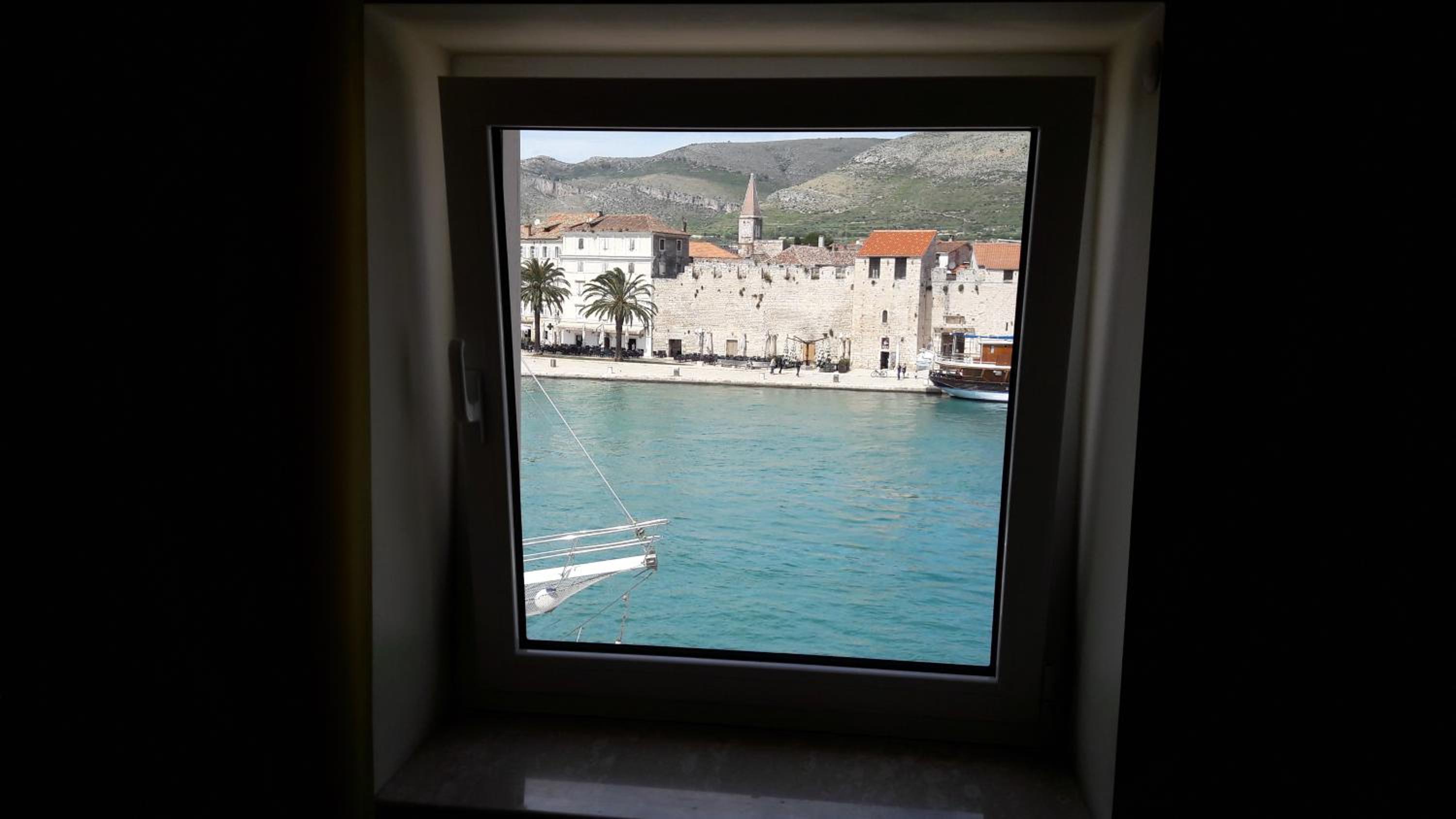 Triple Room with City View - Photo 4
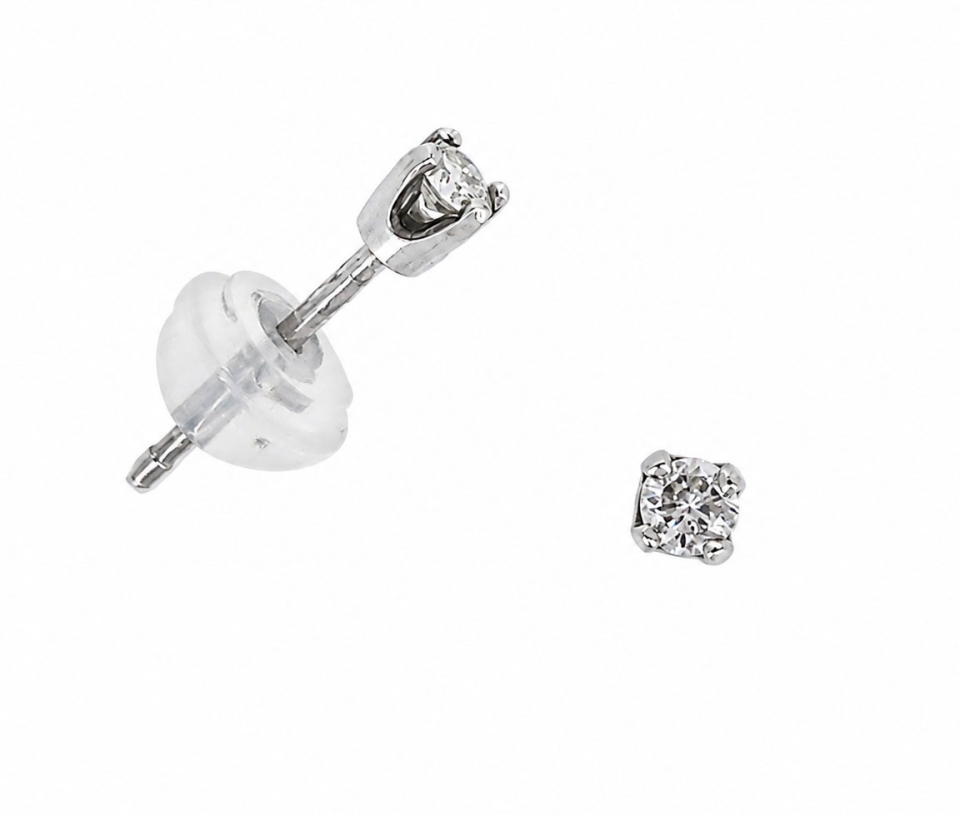 BOUCLES AVEC DIAMANTS BOUCLES AVEC DIAMANTS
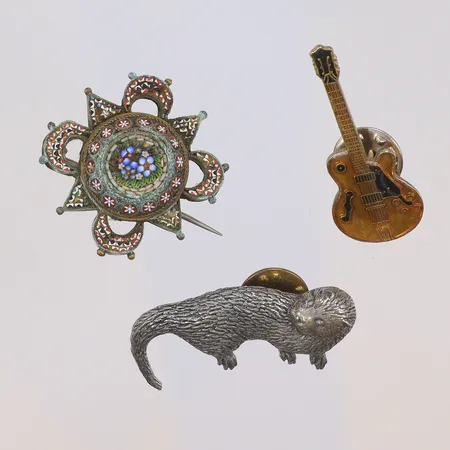 3st Pins/Brosch, Gitarr med emalj, gulmetall, Utter i tenn, Brosch i Pietra Dura, Italien omkring år 1900 (defekt låsögla), bredd 15-37mm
::::::::::
▶ **Try it**
Leaving aside the pictures, copy the listing above exactly.

▶ **Reply to the task**
 Triple Room with City View - Photo 4
 BOUCLES AVEC DIAMANTS BOUCLES AVEC DIAMANTS
 3st Pins/Brosch, Gitarr med emalj, gulmetall, Utter i tenn, Brosch i Pietra Dura, Italien omkring år 1900 (defekt låsögla), bredd 15-37mm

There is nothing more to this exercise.